急ぐ理由はなかったけれど、近道をしようと思い立ち、公園を突き抜けることにした。
色付き始めている木々と、風通しの良い空間に思わず呼吸が深くなる。
秋の匂いを楽しみながら歩いていると、ベンチを囲んだ子どもたちが真剣な顔をしていた。
学校の帰り道の途中で拾ったものをベンチの上に広げて眺めているようだった。
ちらりと横目で覗き見しながら通り過ぎたのだけれども、
真っ赤な葉っぱや、緑色の葉っぱ、
道端で拾うには珍しい部類に入るのであろう、白くてコロンとしたフォルムの丸い石、などが並べられていた。
その横に、大きな文字で『地球のお水』と書かれた手作り冊子のようなものが置かれていた。
何が書かれていたのか中身を知る術はないのだけれど、
そのタイトルから、子どもの頃に聞いた地球上にある水の話を久しぶりに思い出した。
地球上にある水は、固体、液体、気体とその形状を変えながら、陸、海、空を行き来している。

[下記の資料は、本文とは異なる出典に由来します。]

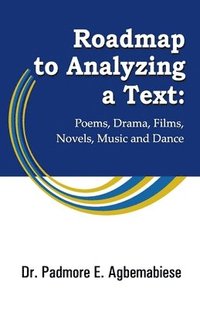 bokomslag Roadmap to Analyzing a Text: Poems, Drama, Films, Novels, Music and Dance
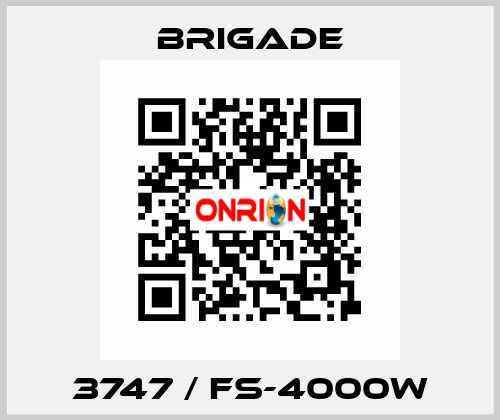 3747 / FS-4000W Brigade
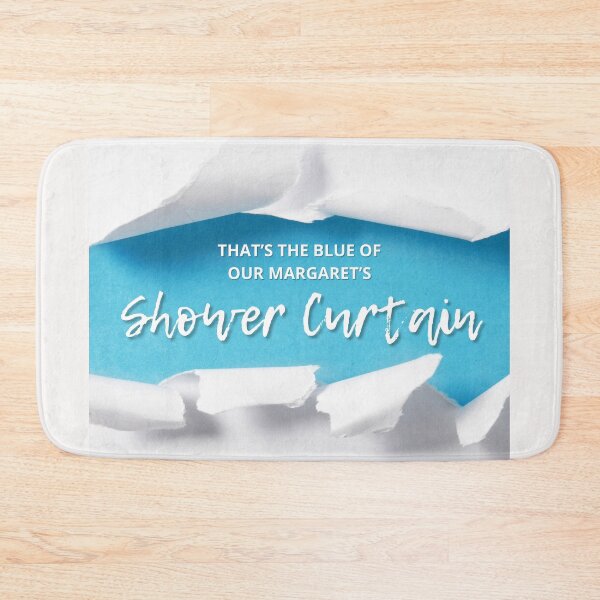 Item preview, That's the blue of our Margaret's shower curtain. Victoria Wood quote. designed and sold by DontKnowMuch.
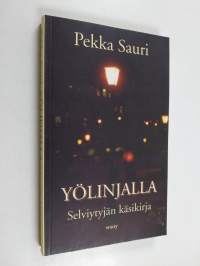 Yölinjalla : selviytyjän käsikirja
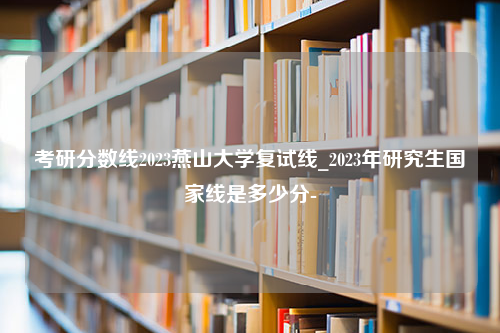 考研分数线2023燕山大学复试线_2023年研究生国家线是多少分-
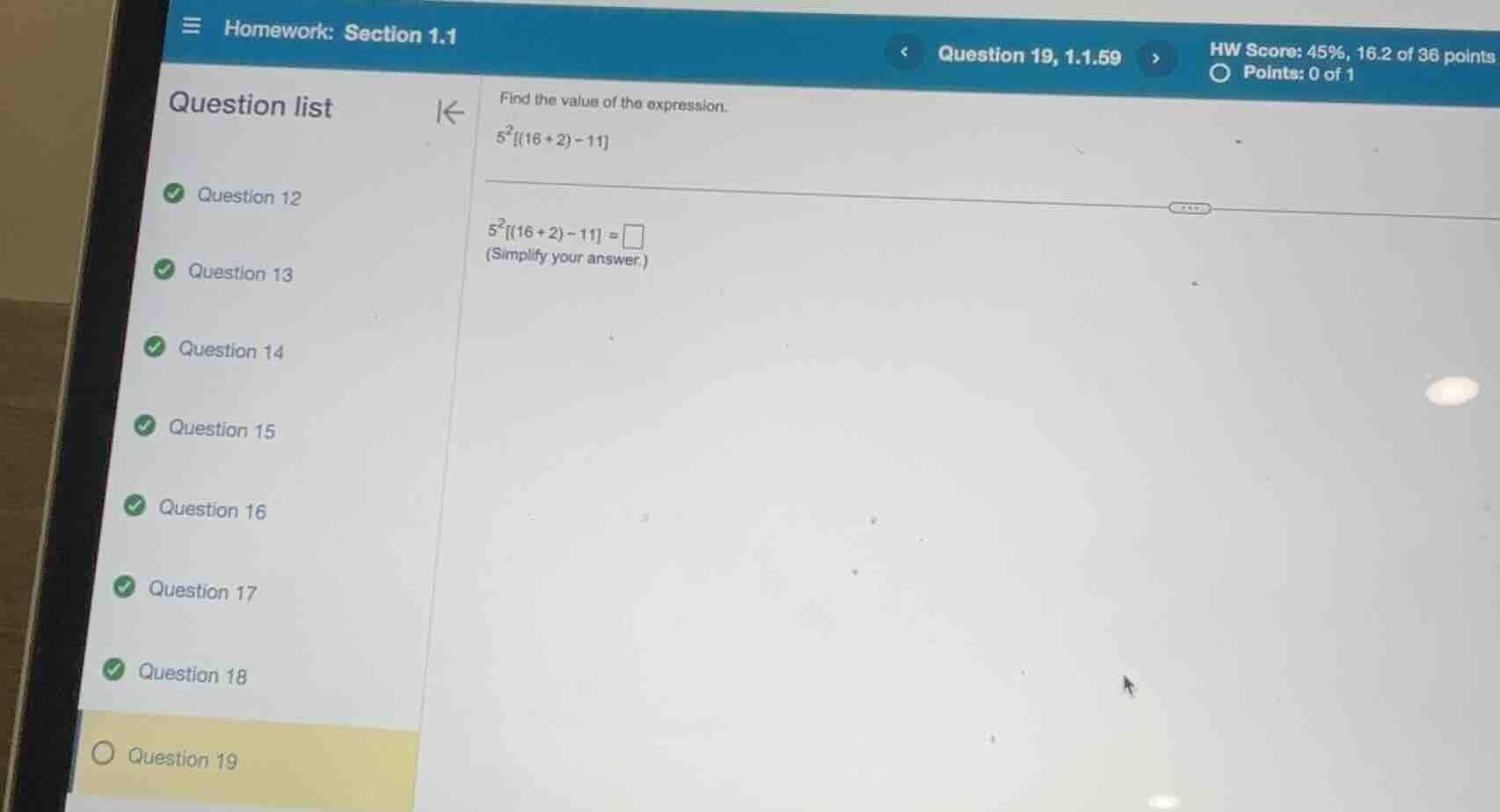 find the value of the expression. (5^2 (16 + 2) - 11) (5^2 (16 + 2) - 1…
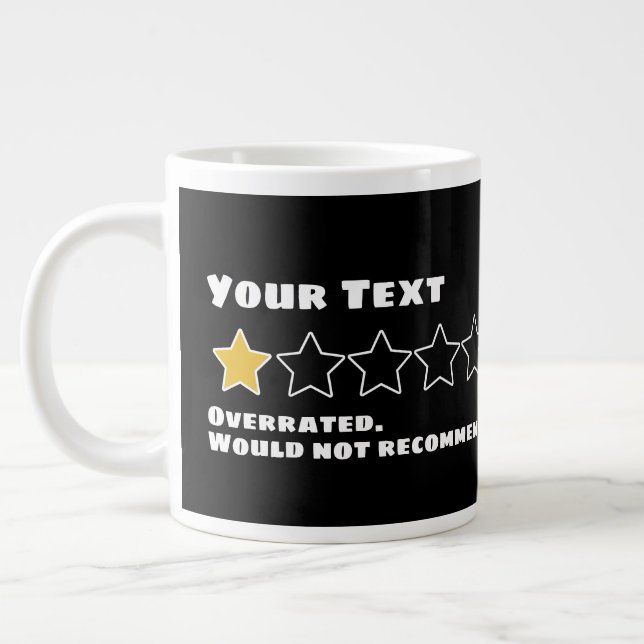 Personalized Overrated Would Not Recommend Large Coffee Mug (Left)
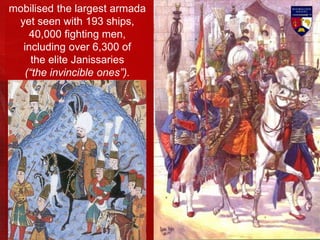 mobilised the largest armada
yet seen with 193 ships,
40,000 fighting men,
including over 6,300 of
the elite Janissaries
(“the invincible ones”).
 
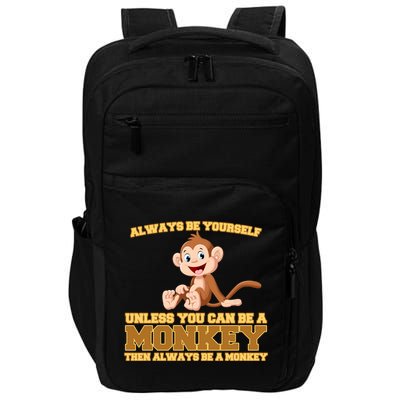 Always Be Yourself Unless You Can Be A Monkey Impact Tech Backpack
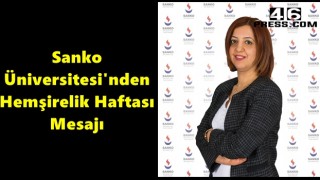 Sanko Üniversitesi'nden Hemşirelik Haftası Mesajı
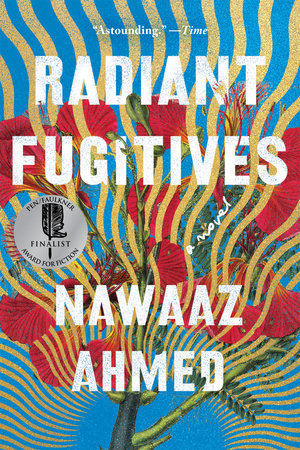 Radiant Fugitives by Nawaaz Ahmed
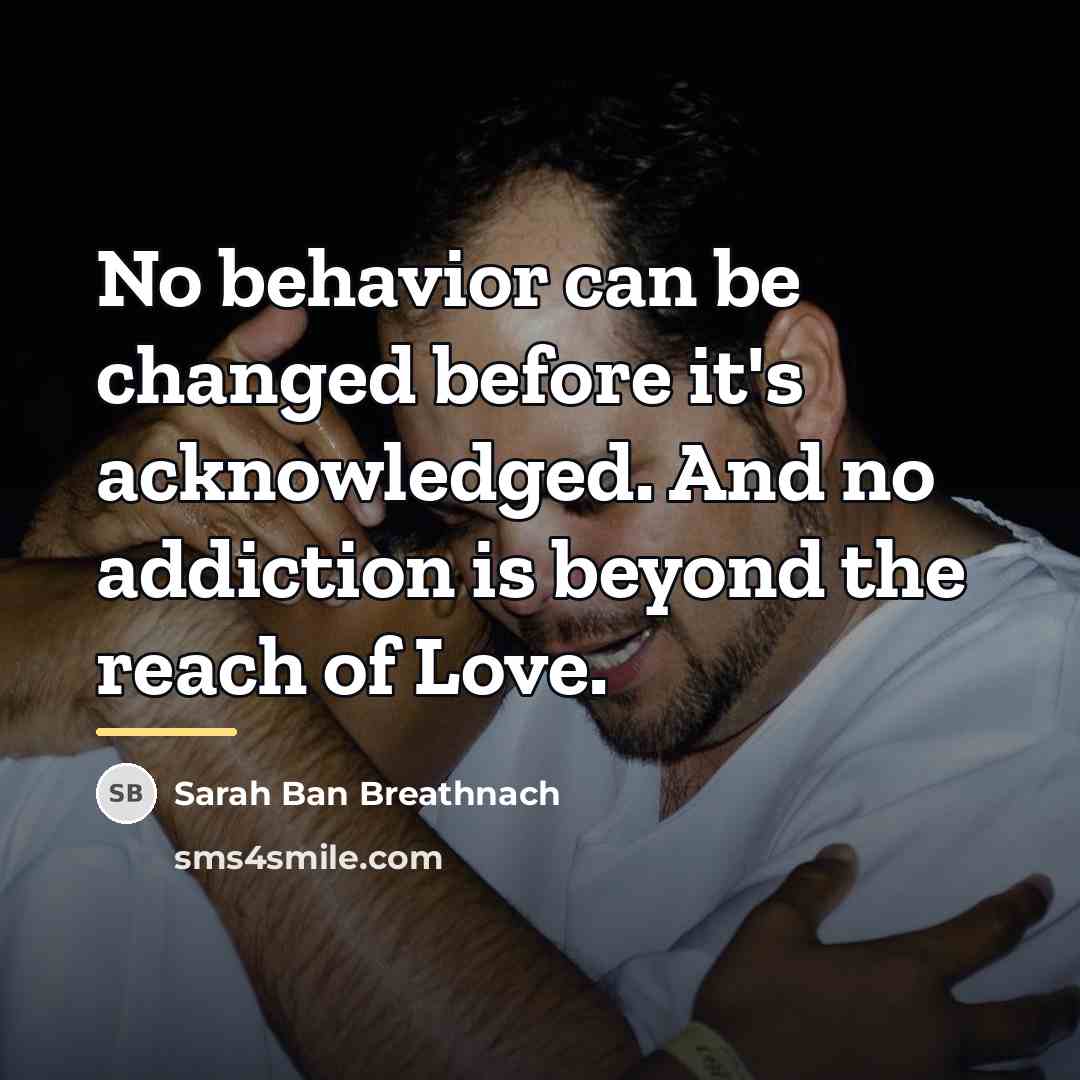 “No behavior can be changed before it's acknowledged. And no…” quote by Sarah Ban Breathnach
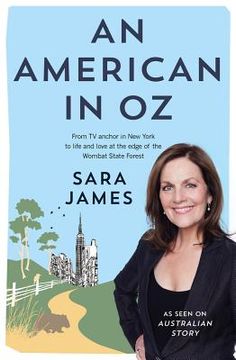 portada An American in Oz: From TV Anchor in New York to Life and Love at the Edge of the Wombat State Forest (en Inglés)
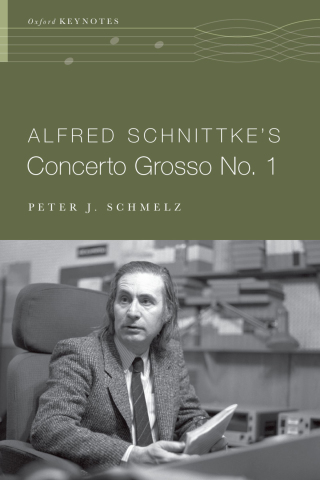 Imagen de portada: Alfred Schnittke's Concerto Grosso no. 1 9780190653712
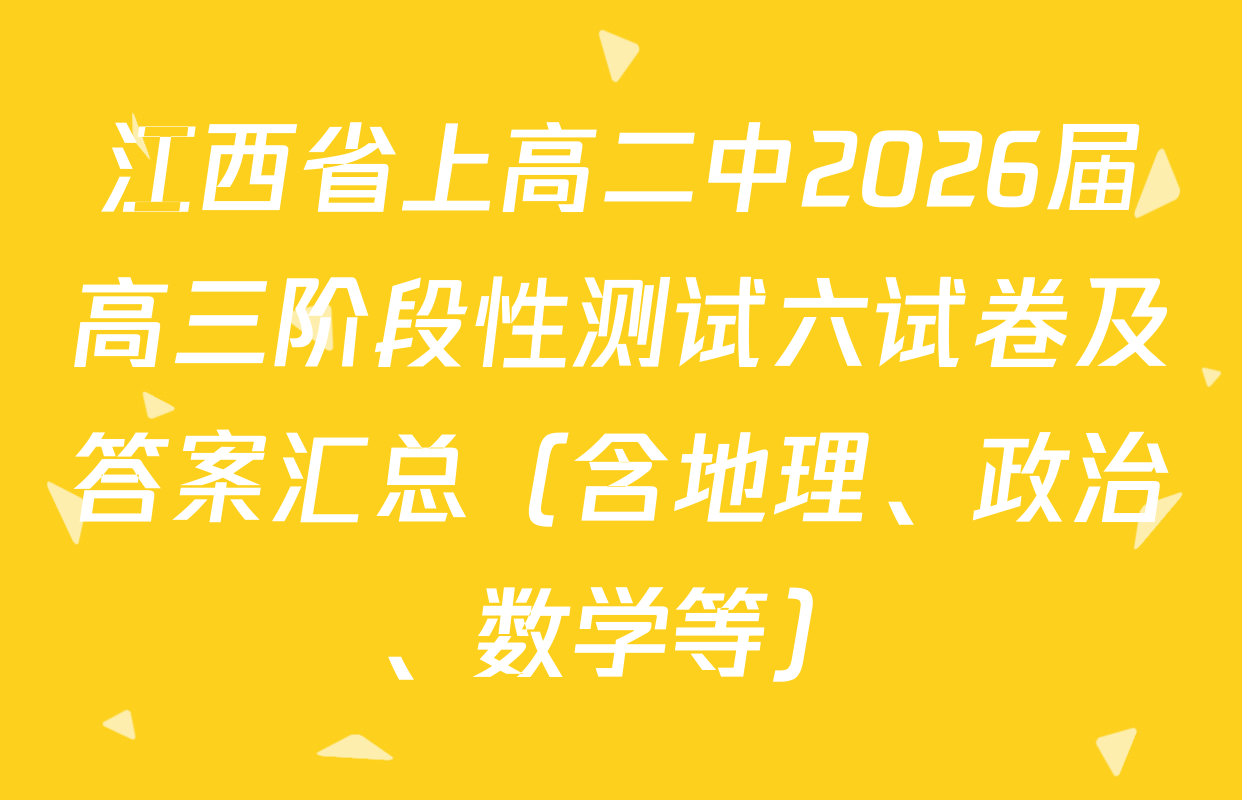 江西省上高二中2026届高三阶段性测试六试卷及答案汇总（含地理、政治、数学等）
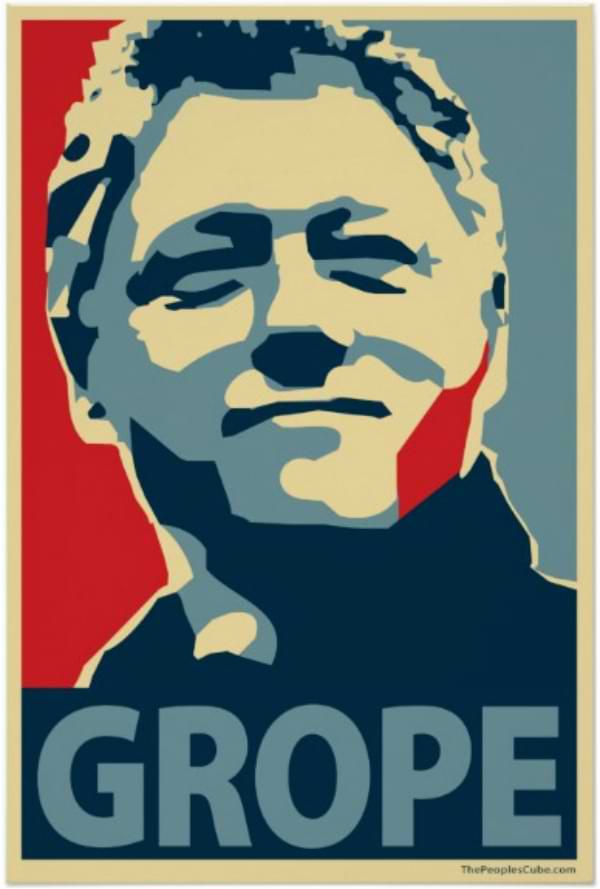 An image of Bill Clinton in the red, white, and blue styling of Shepard Fairey’s original Obama Hope. The word Hope at the bottom of the image has been replaced with the
          word Grope written in blue, box lettering.
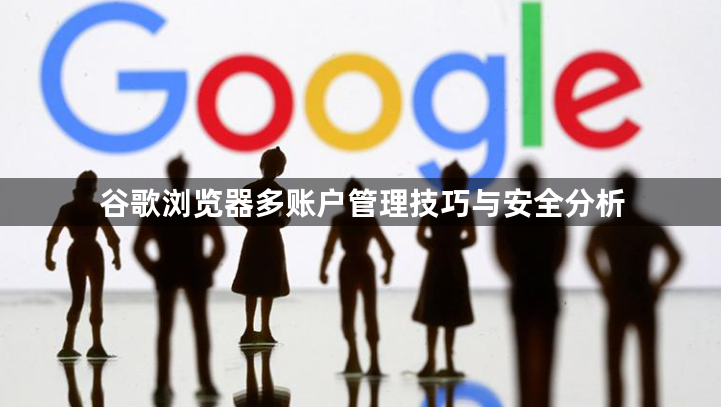 谷歌浏览器多账户管理技巧与安全分析1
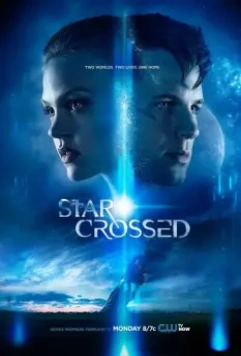 Сплетенные судьбой / Star-Crossed 2014 скачать через торрент в хорошем качестве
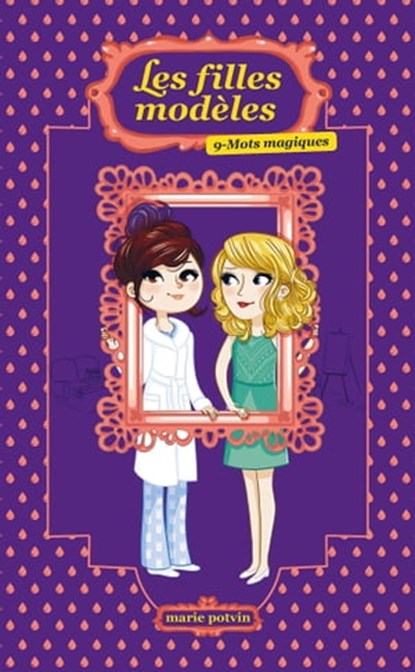 Les Filles modèles T09, Marie Potvin - Ebook - 9782875809247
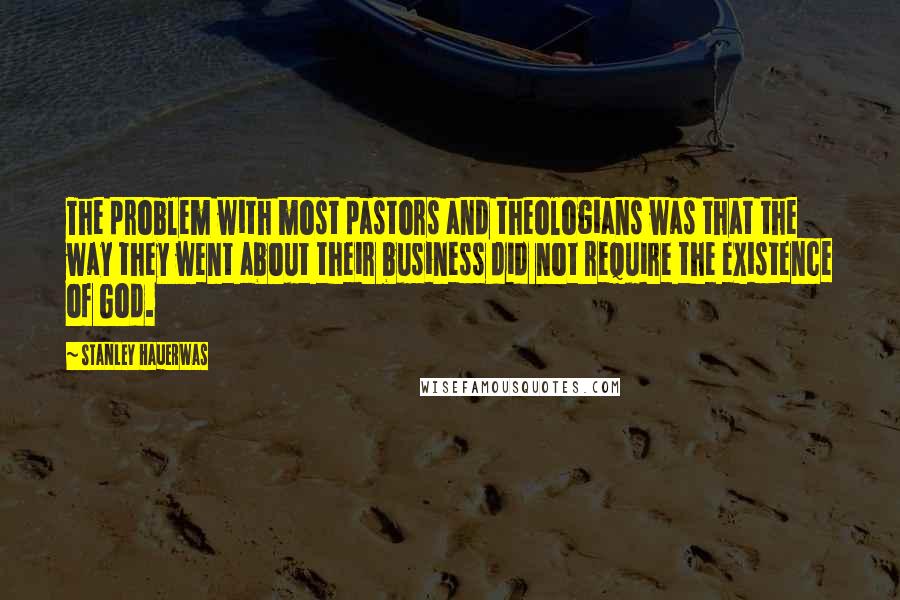 Stanley Hauerwas Quotes: The problem with most pastors and theologians was that the way they went about their business did not require the existence of God.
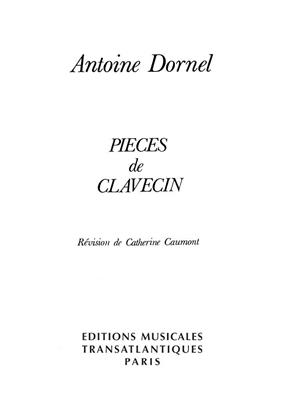 Antoine Dornel: Pièces De Clavecin: Cembalo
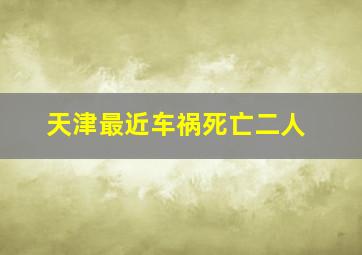 天津最近车祸死亡二人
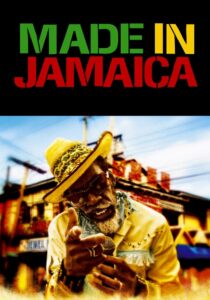 Made in Jamaica 2006 on netflix
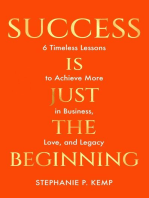 Success is Just the Beginning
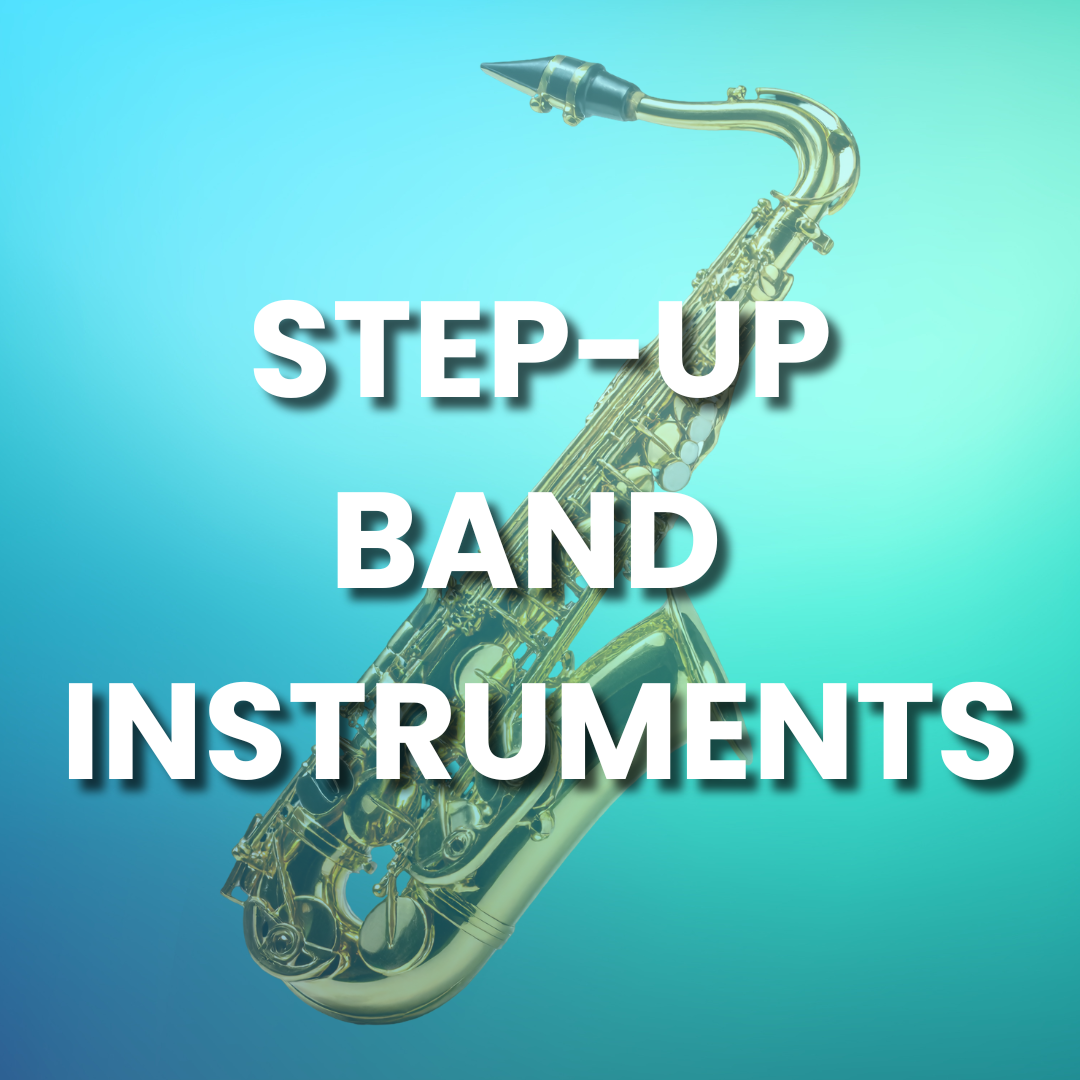 Step-Up Band Instruments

雨や雪が降ると、私たちが使うことができる水が増えたように錯覚するけれど、
地上にある水は、大地、動植物を介するなど、様々な影響によって蒸発し、空へ。
また、地上から川へ、そして海へ、更に海から蒸発して空へ、というルートで、
地上に入ってきた水の分だけ、地上にあるものが受け取った水の分だけ蒸発するため、
地球全体にある水の量は変わらないという話だ。
もし仮に、地上から川へ、そして海へというルートが絶たれ、
海に水が流れていかない状況の中、海水が蒸発し続けるたとすると、
広くて大きくて深い、あの海でさえもカラッカラに干からびてしまう日がくるのだ。
その、想像を超えるような話を初めて聞いた時、
あって当たり前のものが無くなる不安のようなものを子どもながらに感じた記憶がある。
そして、大人になった今、これだけ文明や化学が発達しているにも関わらず、
空気中の水分を集めて水を作ることはできても、
ゼロから水を作ることができないことや、
絶妙なバランスで循環している水に対して自然の大きさを感じることがある。
本当の意味での、水は有限だということ、
水だけを大切にしてもバランスが崩れてしまうのだということを私が理解できたのはいつだったかな。
理解できたとは言え、ボタン一つで、レバーを上げるだけで、蛇口をひねるだけで出てくるお水。
その状況が当たり前だと思ってしまっている私もいる。
またすぐに忘れてしまいそうだけれども、
今日は、その当たり前のハッピーに感謝しつつ、お水を使ってみようかしら。
そのようなことを思いながら近道の公園を抜けた。